**RECORDS SUPPLIED**
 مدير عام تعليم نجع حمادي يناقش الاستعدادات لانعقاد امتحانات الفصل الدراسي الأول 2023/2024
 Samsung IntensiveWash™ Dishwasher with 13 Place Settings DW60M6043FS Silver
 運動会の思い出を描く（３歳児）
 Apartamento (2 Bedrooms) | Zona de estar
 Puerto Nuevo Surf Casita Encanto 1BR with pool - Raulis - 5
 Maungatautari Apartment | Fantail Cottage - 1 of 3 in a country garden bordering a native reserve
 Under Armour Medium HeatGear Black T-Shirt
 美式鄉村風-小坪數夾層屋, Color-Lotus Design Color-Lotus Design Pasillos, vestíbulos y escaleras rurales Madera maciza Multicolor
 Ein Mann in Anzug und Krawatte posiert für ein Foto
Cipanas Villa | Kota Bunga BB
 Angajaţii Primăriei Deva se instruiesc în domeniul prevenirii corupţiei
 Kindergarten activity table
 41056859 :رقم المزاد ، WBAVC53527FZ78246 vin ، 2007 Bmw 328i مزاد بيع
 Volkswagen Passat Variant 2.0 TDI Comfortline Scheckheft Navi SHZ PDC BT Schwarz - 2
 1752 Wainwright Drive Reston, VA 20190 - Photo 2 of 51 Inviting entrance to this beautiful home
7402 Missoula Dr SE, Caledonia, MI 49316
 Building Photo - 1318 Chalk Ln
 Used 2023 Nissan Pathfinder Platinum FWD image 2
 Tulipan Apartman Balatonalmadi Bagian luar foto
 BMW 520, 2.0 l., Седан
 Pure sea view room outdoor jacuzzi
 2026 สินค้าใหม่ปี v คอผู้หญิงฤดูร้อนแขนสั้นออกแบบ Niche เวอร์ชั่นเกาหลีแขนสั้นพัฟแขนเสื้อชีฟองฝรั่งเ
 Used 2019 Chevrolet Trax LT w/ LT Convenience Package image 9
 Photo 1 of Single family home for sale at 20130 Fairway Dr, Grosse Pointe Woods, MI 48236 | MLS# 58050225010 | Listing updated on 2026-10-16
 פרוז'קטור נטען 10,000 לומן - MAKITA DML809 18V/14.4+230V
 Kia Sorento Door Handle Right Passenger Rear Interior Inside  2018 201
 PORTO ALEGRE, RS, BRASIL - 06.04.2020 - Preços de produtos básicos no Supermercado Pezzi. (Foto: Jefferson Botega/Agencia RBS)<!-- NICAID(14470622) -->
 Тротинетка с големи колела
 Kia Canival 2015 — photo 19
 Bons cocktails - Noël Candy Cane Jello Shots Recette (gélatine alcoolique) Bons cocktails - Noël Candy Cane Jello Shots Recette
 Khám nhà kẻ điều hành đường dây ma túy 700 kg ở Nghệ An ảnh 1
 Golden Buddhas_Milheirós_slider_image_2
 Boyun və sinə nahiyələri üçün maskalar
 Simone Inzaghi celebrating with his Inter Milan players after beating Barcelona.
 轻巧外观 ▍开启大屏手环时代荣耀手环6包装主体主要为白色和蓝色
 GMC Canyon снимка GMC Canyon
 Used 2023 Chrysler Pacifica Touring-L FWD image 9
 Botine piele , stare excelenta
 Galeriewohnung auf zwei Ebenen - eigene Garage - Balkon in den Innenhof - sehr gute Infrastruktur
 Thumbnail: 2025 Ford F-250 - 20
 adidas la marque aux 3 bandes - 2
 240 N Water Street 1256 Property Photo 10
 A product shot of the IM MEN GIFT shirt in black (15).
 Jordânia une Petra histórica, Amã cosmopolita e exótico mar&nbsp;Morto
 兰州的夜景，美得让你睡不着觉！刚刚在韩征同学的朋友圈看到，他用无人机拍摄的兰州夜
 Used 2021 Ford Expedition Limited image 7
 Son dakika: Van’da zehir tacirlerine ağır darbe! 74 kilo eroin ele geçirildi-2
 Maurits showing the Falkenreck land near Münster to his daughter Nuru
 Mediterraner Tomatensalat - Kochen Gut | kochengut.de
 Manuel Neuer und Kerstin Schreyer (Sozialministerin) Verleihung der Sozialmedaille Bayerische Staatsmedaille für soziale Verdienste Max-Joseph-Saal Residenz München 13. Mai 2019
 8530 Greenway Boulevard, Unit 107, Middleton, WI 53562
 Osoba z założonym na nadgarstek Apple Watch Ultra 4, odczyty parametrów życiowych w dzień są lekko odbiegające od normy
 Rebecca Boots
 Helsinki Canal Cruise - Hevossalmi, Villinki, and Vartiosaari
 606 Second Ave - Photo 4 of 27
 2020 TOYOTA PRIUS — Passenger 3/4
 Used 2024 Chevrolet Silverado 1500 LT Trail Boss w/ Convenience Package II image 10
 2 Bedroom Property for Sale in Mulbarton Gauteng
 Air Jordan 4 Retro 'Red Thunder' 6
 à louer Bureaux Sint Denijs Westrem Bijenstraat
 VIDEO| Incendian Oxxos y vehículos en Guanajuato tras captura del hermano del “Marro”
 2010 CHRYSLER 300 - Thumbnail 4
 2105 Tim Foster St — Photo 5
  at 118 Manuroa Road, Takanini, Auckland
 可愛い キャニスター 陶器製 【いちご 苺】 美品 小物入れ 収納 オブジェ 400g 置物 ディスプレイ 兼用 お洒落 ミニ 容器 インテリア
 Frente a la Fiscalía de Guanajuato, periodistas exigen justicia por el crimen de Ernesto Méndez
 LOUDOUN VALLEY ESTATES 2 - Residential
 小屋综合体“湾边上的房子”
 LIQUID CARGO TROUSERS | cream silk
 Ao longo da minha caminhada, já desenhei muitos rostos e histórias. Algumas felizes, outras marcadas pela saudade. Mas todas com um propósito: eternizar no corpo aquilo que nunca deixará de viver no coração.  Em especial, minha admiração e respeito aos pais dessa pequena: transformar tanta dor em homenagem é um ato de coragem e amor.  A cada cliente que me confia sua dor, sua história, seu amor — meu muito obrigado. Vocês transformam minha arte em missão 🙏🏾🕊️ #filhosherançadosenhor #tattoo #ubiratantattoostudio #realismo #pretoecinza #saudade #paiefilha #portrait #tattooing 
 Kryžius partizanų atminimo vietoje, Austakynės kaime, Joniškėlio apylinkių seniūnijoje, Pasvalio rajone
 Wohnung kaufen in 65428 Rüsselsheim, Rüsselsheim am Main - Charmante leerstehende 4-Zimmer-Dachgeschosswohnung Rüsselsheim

**REQUIRED WORK**
Take the lines above from the one containing "Bons cocktails - Noël Candy Cane Jello Shots Recette (gélatine" down to the one containing "Boyun və sinə nahiyələri üçün maskalar", and transcribe them exactly, both ends included.

**EXERCISE RESPONSE**
 Bons cocktails - Noël Candy Cane Jello Shots Recette (gélatine alcoolique) Bons cocktails - Noël Candy Cane Jello Shots Recette
 Khám nhà kẻ điều hành đường dây ma túy 700 kg ở Nghệ An ảnh 1
 Golden Buddhas_Milheirós_slider_image_2
 Boyun və sinə nahiyələri üçün maskalar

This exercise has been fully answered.